Binge drinking, mental health issues, adolescent suicide: how can we solve the problems that beset so many children? The answer may lie with the new science of positive psychology.
In a classroom in South Tyneside, a small group of 11-year-olds is considering the finer points of Stoic philosophy. The teacher, Mrs Carrahar, points helpfully at the blackboard. “Come on now, kids, remember your ABC: Adversity, Belief, Consequence. Sometimes how we feel about things depends on ... what? It begins with P ... Yes, Darren?” “Perspective, miss!” says a small child. “Very good, Darren!”
The class is the latest experiment in a new movement called “positive psychology”, which is slowly but surely revolutionising the way that education is approached in the English-speaking world. It is the brainchild of Martin Seligman, a professor at the University of Pennsylvania.

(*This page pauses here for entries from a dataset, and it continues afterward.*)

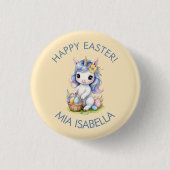 Niedlich Happy Oaster Unicorn Button (Vorderseite)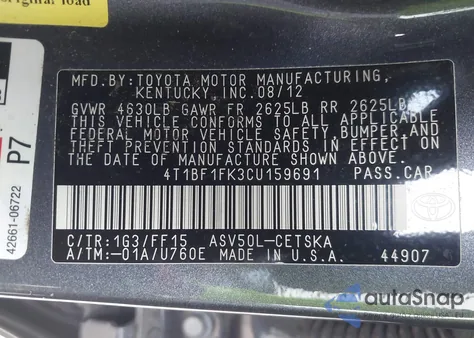 2012 Toyota Camry Se из США, поврежденный, VIN 4T1BF1FK3CU159691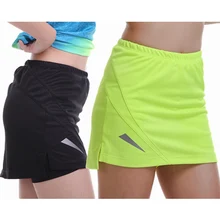 Женская юбка для фитнеса, бега, 2 в 1, для тенниса, спорта, спортзала, йоги, шорты для фитнеса, короткая юбка для бадминтона, дышащая, быстросохнущая
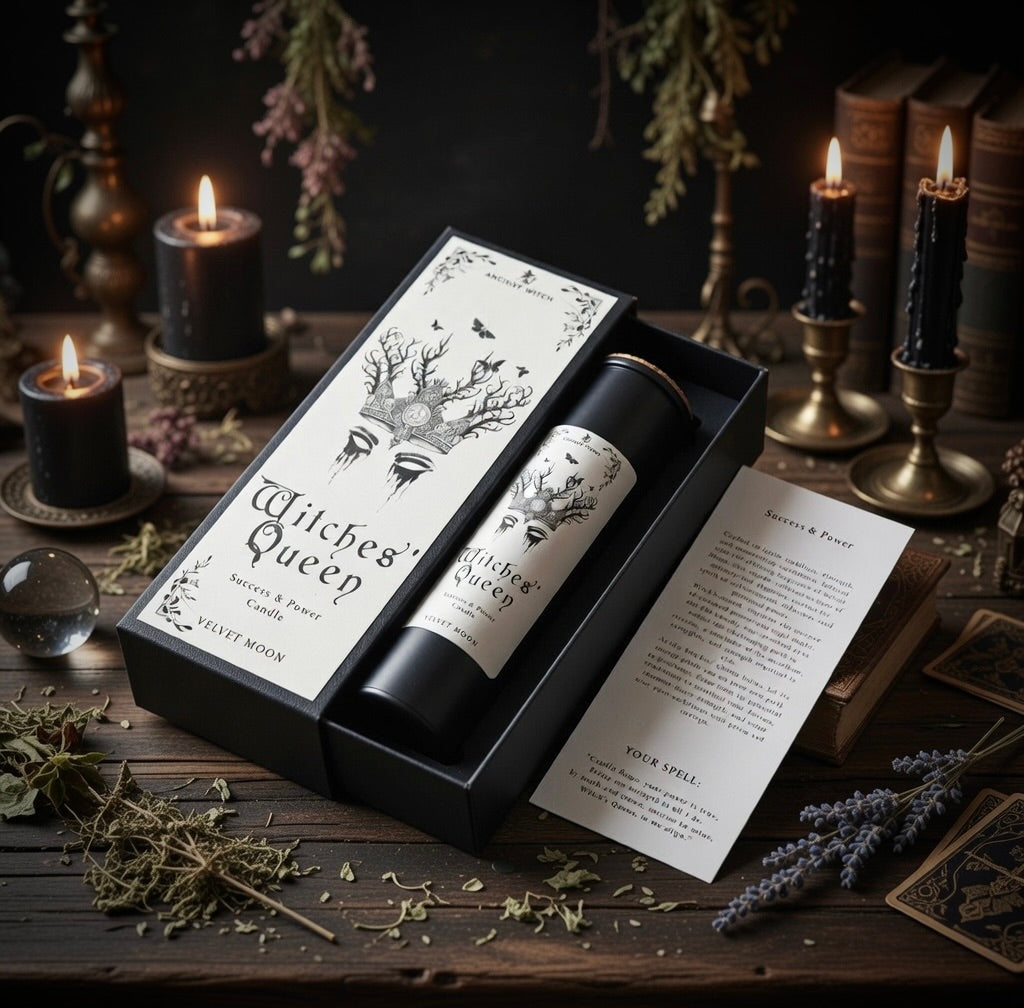 Witch's Queen spell candle and packaging on a wooden surface with mystical elements.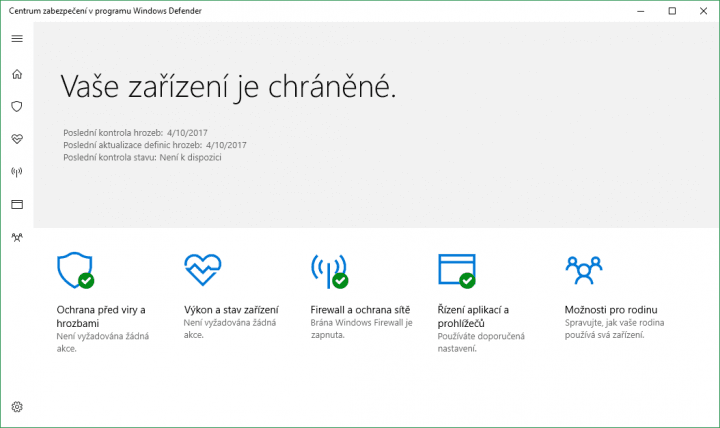 Prostředí Defenderu se proměnilo v Centrum zabezpečení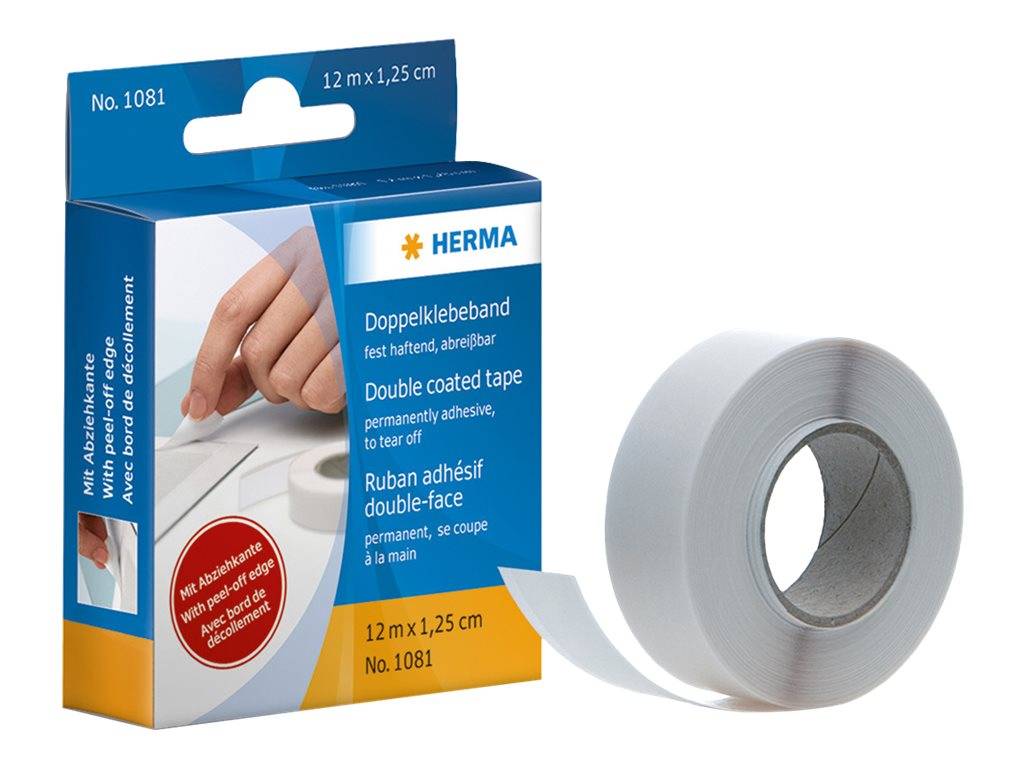 HERMA Doppelseitiges Klebeband in einer Schachtel mit der Aufschrift „Doppelklebeband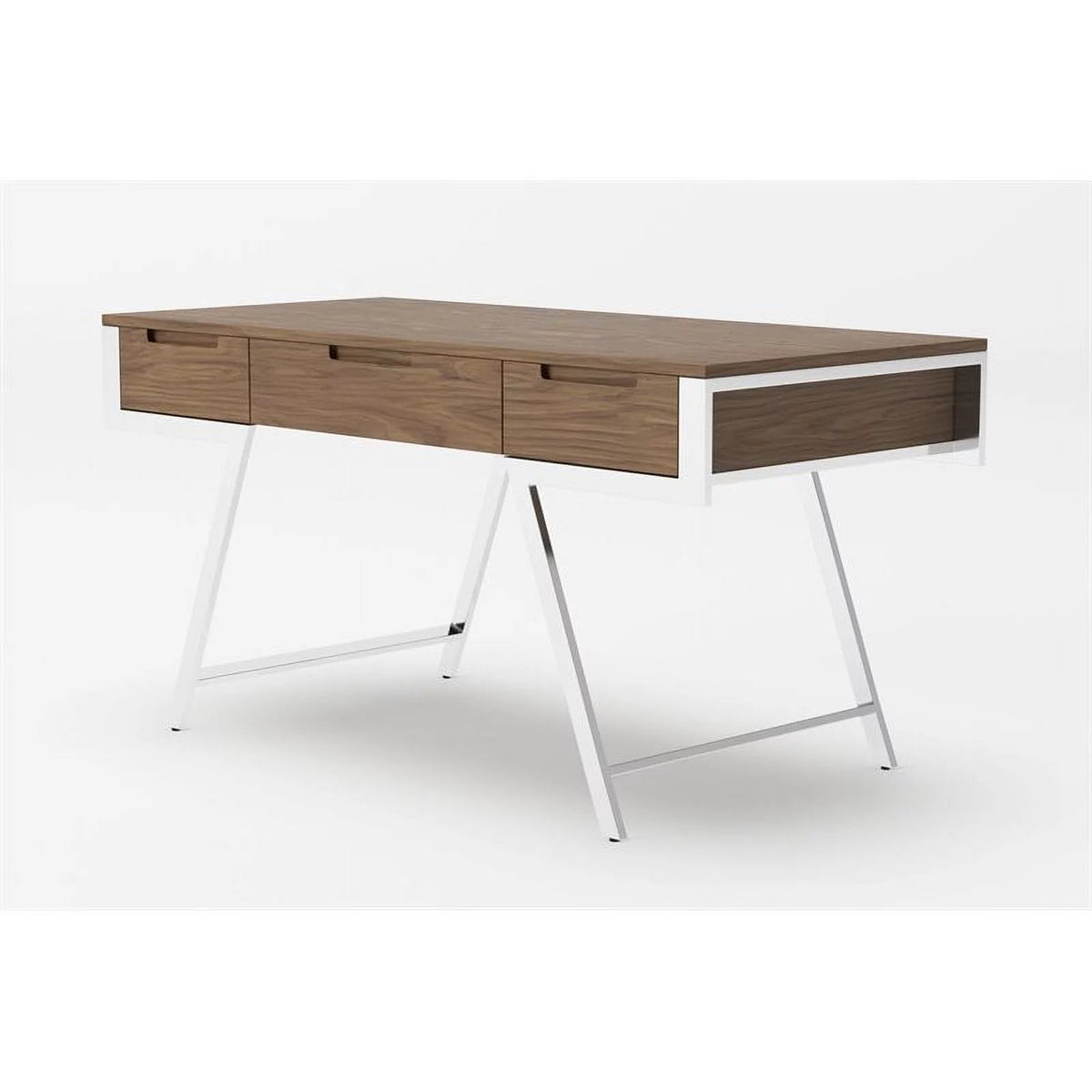 3 Drawer Walnut Chrome Desk J17946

If there is one figure responsible for the deluge of books, articles and TV programmes on happiness with which we have been inundated over the last five years, it is Seligman. So, when I meet him in a hotel suite in London, it is a relief to discover that he is not some moronically upbeat figure, like the self-help guru played by Patrick Swayze in Donnie Darko.
In fact, he tells me, “I was a slightly depressive grump for the first 40 years of my life”. After considering a career as a professional bridge player, then turning down a Fulbright scholarship in analytical philosophy at Oxford, he eventually became a psychologist and forged a distinguished name for himself studying “learned helplessness”, or how animals (and people) learn to give up in apparently hopeless situations.
While researching the phenomenon, Seligman was struck by something: some people, and even some animals, didn't give up even in highly adverse circumstances. He began to be interested in the opposite phenomenon, “learned optimism” - why some people possess unusual powers of resilience and self-control, and whether those powers can be taught or cultivated in others.